The results were presented today at the 30th Annual North American Cystic Fibrosis Conference, in Orlando, Florida, in a talk titled “β-cell secretory capacity improves in cystic fibrosis with ivacaftor therapy.” The conference, which opened on Thursday, Oct. 27, ends Saturday, Oct. 29.
CF-related diabetes is associated with worse disease outcomes. The effect of Kalydeco — known to help CF patients with a G551D mutation in the cystic fibrosis transmembrane regulator (CFTR) gene — on those with diabetes remains unknown. Specifically, how Kalydeco impacts insulin secretion and glucose tolerance in pancreatic exocrine sufficient and pancreatic insufficient individuals with CF is largely unaddressed.
Beta cells are unique cells in the pancreas, as they are responsible for producing, storing and secreting the hormone insulin.
Researchers performed a pilot study to evaluate how Kalydeco affects insulin secretion, incretin secretion (incretin is a hormone that stimulates insulin secretion in response to meals), and glucose tolerance in both types of CF patients, pancreatic sufficient and insufficient.
They enrolled CF patients with at least one CFTR gating or conductance mutation, and analyzed them at two different time-points — before and after 16 weeks of treatment with Kalydeco – assessing several parameters and their changes before and after Kalydeco therapy.
Patients were at least 6 years old, and assessment included oral glucose tolerance tests (OGTT), mixed meal tolerance tests (MMTT), and glucose-potentiated arginine-induced insulin secretion tests (GPA).

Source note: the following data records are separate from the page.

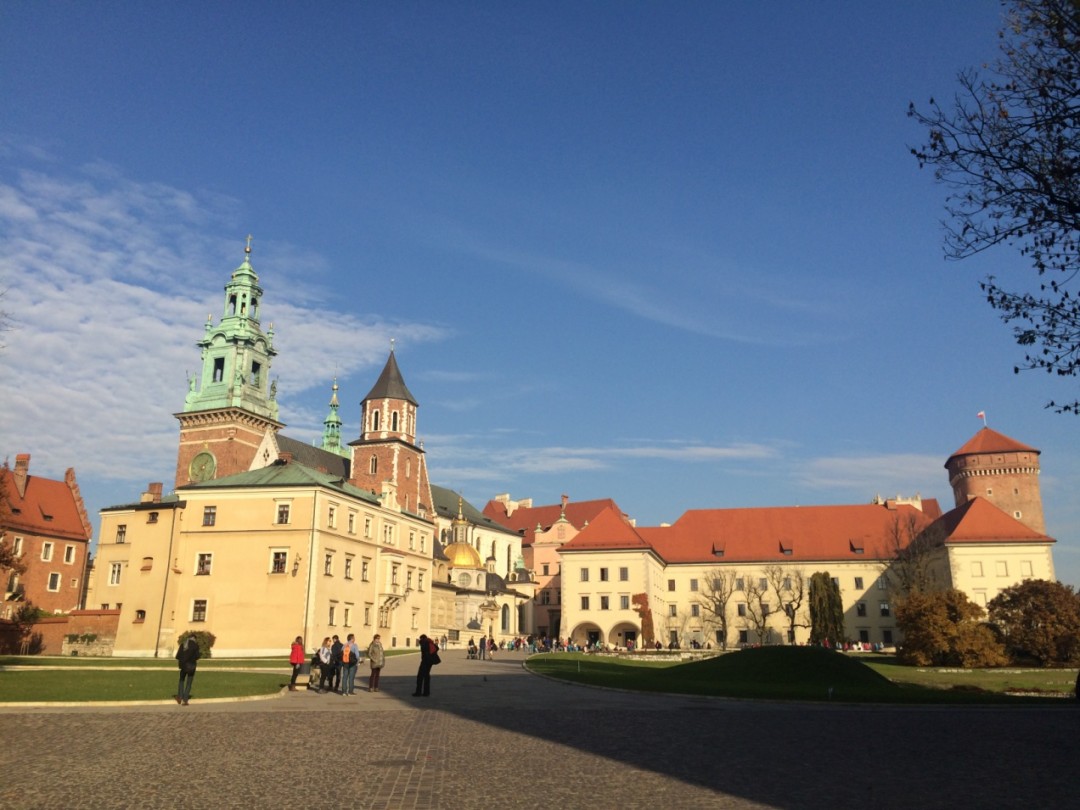 Фото: Екатерина Бахаор. Краков. На холме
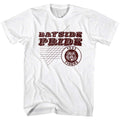White Saved by the Bell t-shirt featuring a Saved by the Bell Cat Scratch Fever design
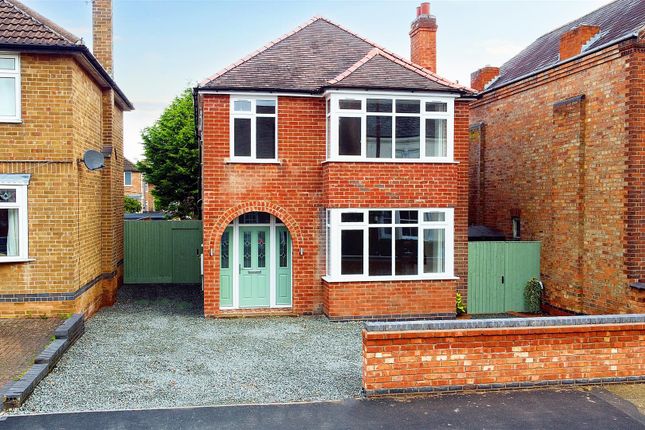 Thumbnail Detached house for sale in Charnwood Avenue, Long Eaton, Nottingham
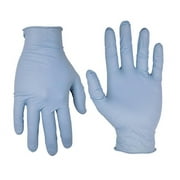 Custom Leathercraft Medium Nitrile Disposable Gloves, 100pk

Preliminary data from 11 patients revealed that four months of Kalydeco therapy improved insulin secretion in young CF patients with pancreatic sufficiency and pancreatic insufficiency, and normal glucose tolerance. Incretin, on the other hand, showed no alterations.
According to Rubenstein, results suggest that Kalydeco treatment affects beta-cells function and improves their secretion capacity. However, another possible mechanism is Kalydeco having an indirect action on other pathways that improve CF outcomes, including an increase in insulin secretion, without affecting beta-cell secretion capacity.
Future studies are required to understand the direct and indirect roles of Kalydeco in beta-cells function and its link to CF-related diabetes.